EXERCISE BRIEF | The lines to be extracted begin at the line containing "7611 WILTSHIRE PARK PL — photo 30" and end at the last line of the data below; copy them exactly and leave out the pictures.

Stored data
= Beginning of Section =

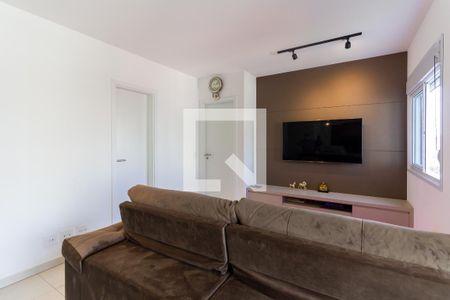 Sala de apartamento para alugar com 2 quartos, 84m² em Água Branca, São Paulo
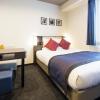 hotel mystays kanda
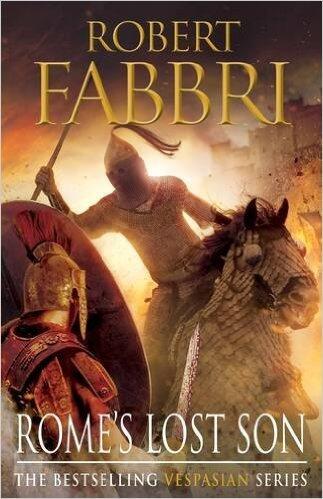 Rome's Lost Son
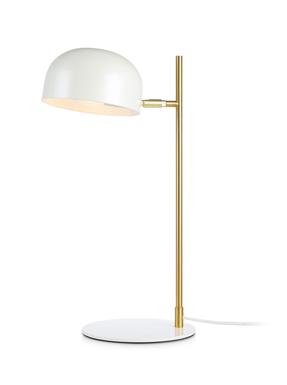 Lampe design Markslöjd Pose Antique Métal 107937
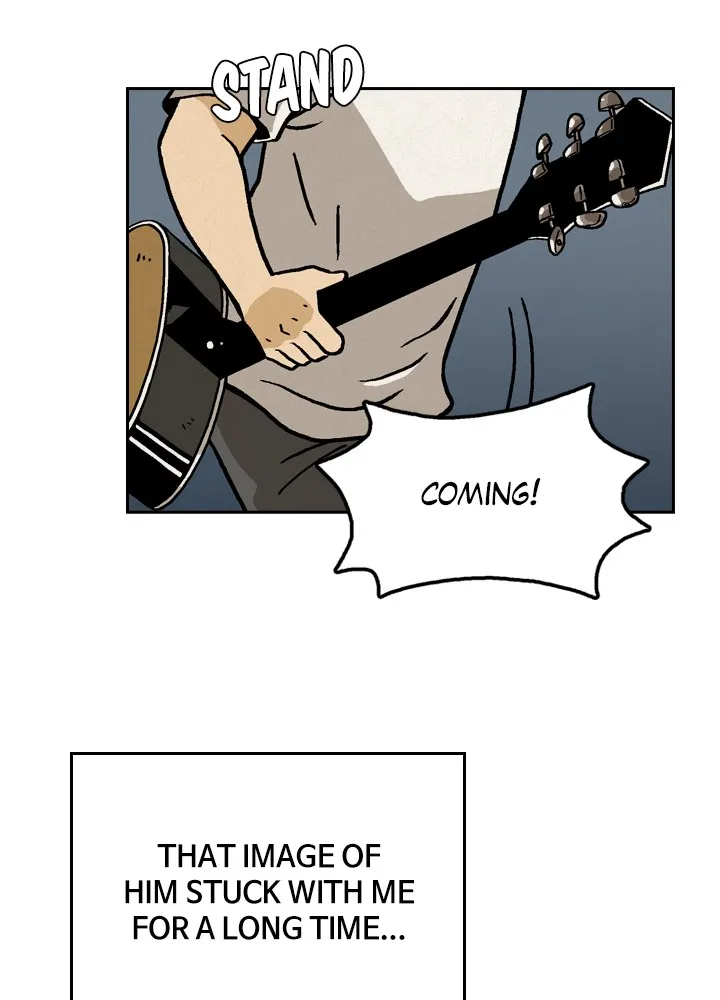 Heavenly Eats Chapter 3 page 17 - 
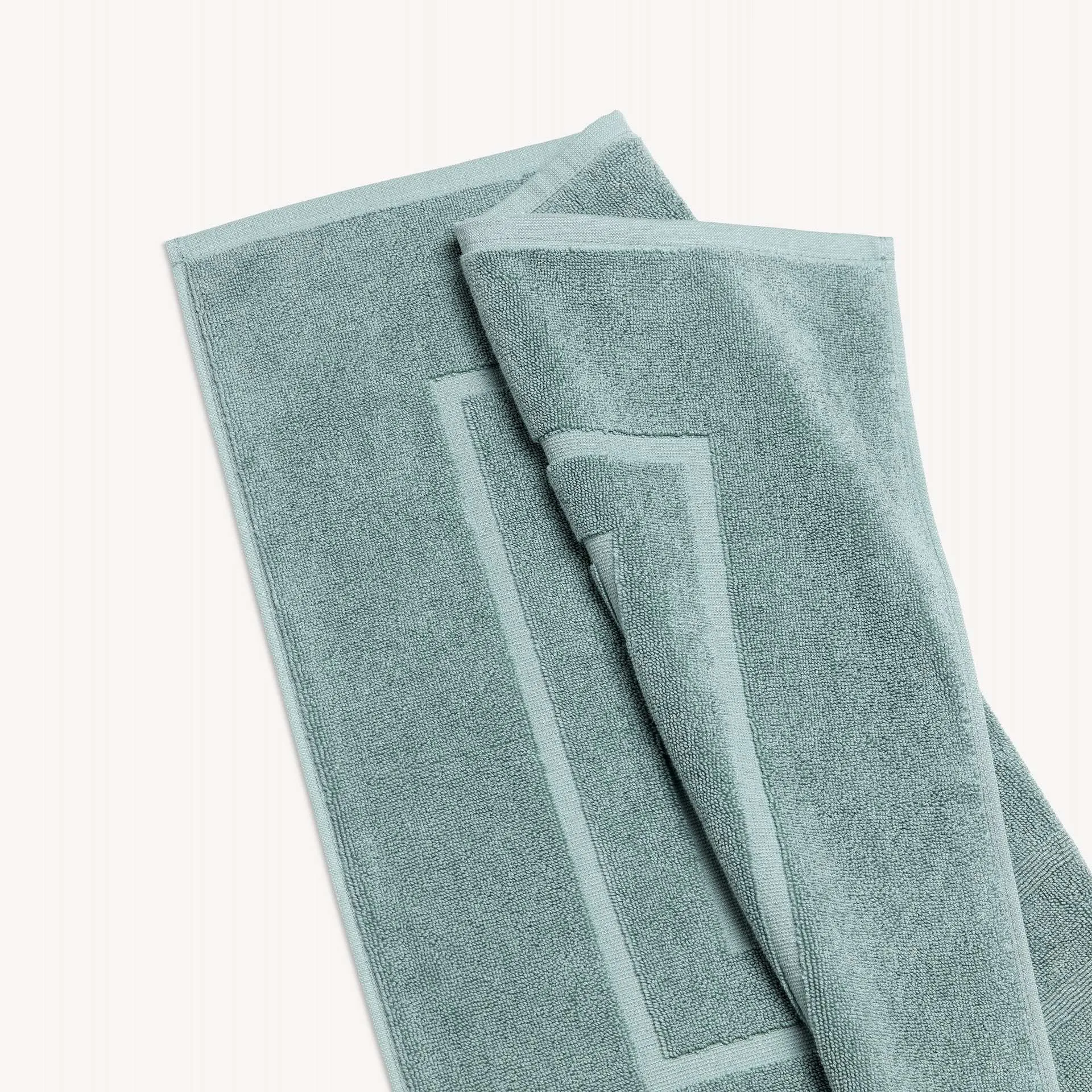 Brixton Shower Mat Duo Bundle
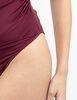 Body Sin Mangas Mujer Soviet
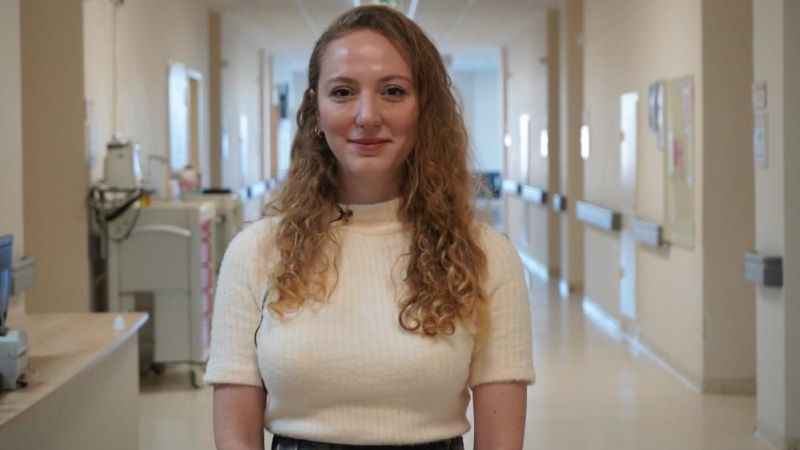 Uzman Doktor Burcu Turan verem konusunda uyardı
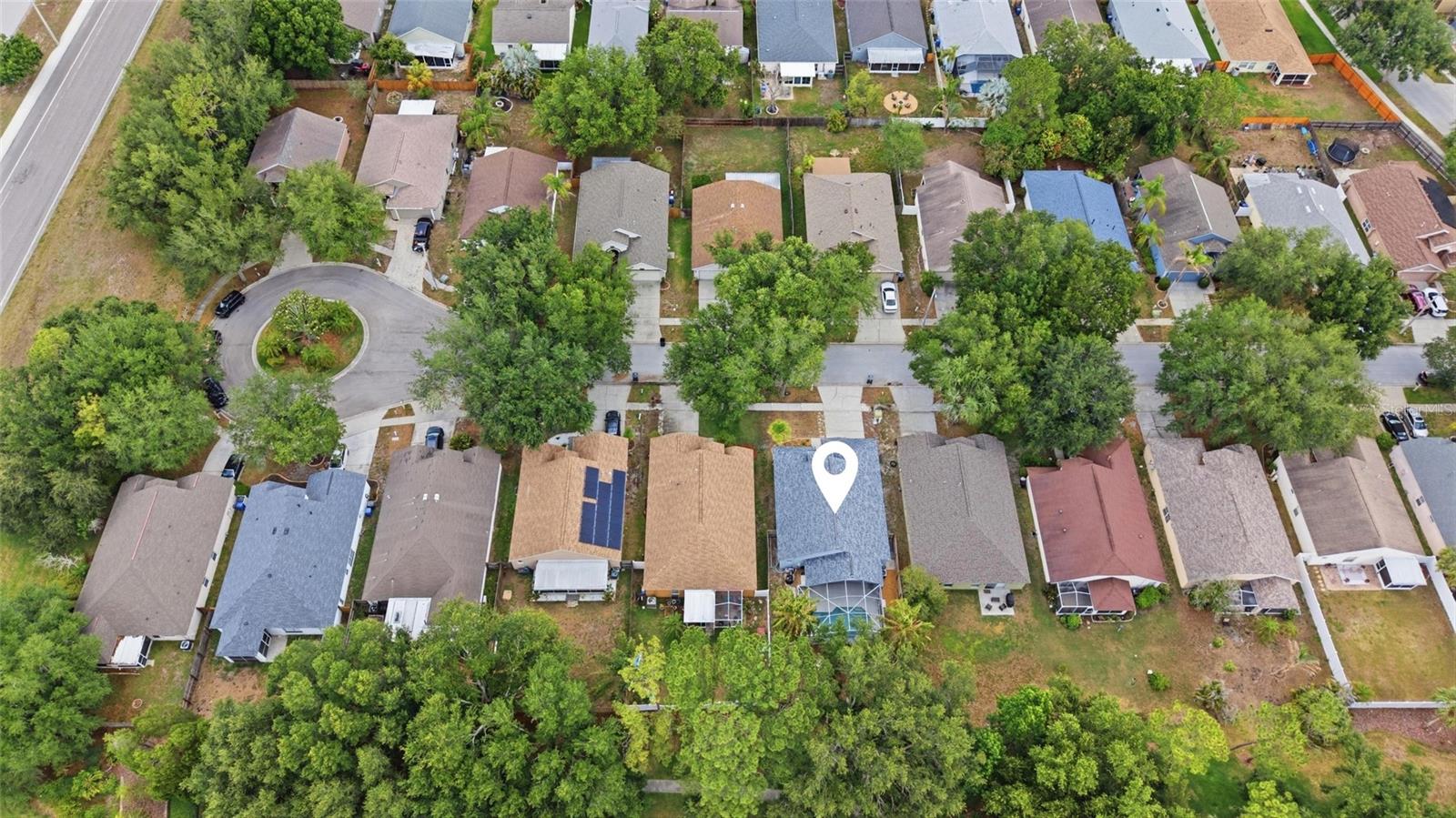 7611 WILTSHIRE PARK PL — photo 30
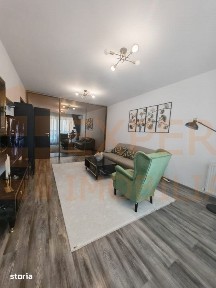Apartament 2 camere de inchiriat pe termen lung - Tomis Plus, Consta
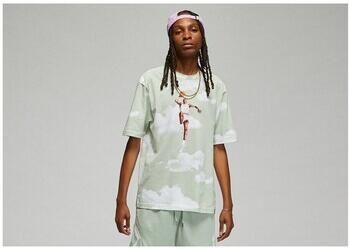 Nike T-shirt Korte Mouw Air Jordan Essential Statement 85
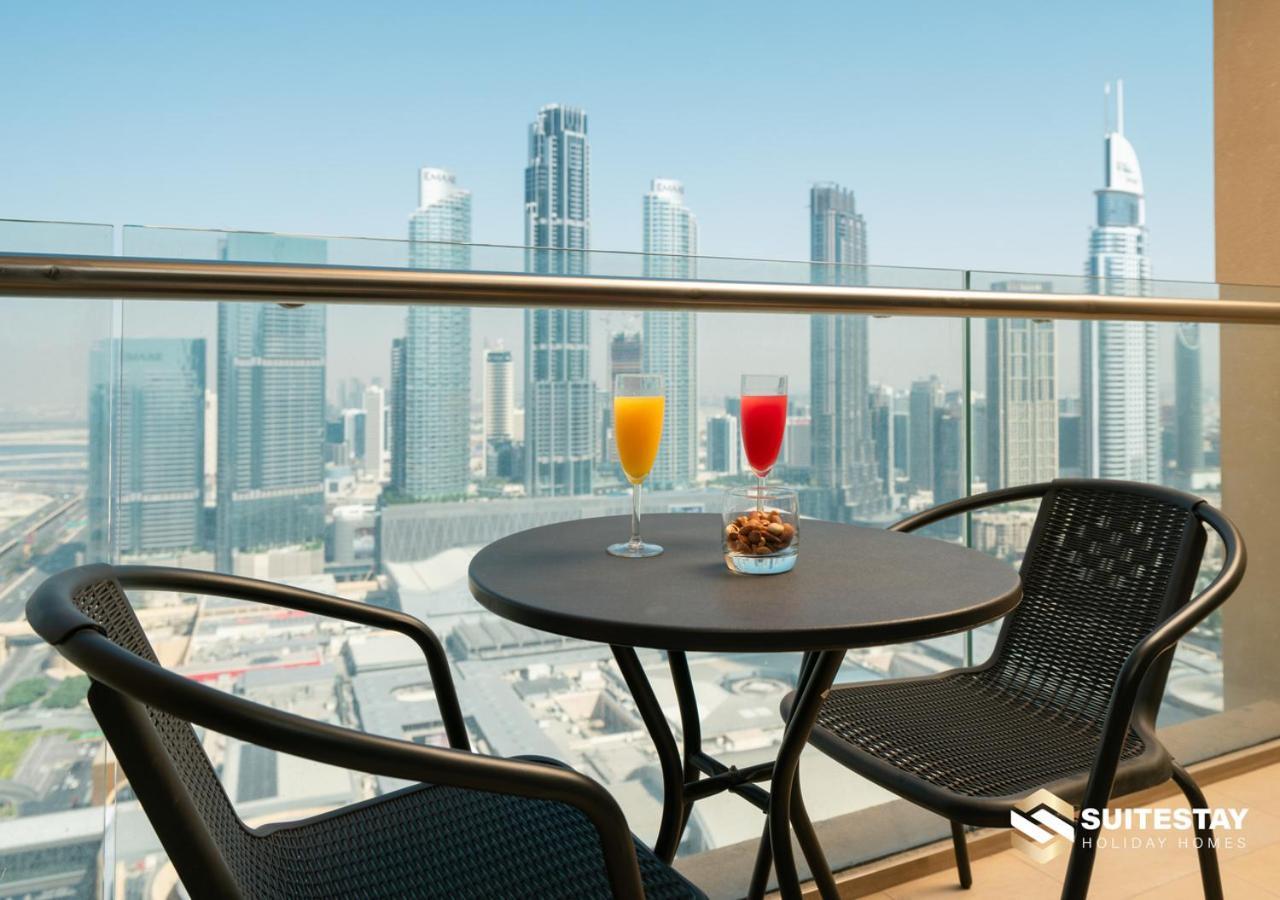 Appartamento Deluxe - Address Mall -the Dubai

= End of Section =

FINISHED TASK |
 7611 WILTSHIRE PARK PL — photo 30
Apartament 2 camere de inchiriat pe termen lung - Tomis Plus, Consta
 Nike T-shirt Korte Mouw Air Jordan Essential Statement 85
 Appartamento Deluxe - Address Mall -the Dubai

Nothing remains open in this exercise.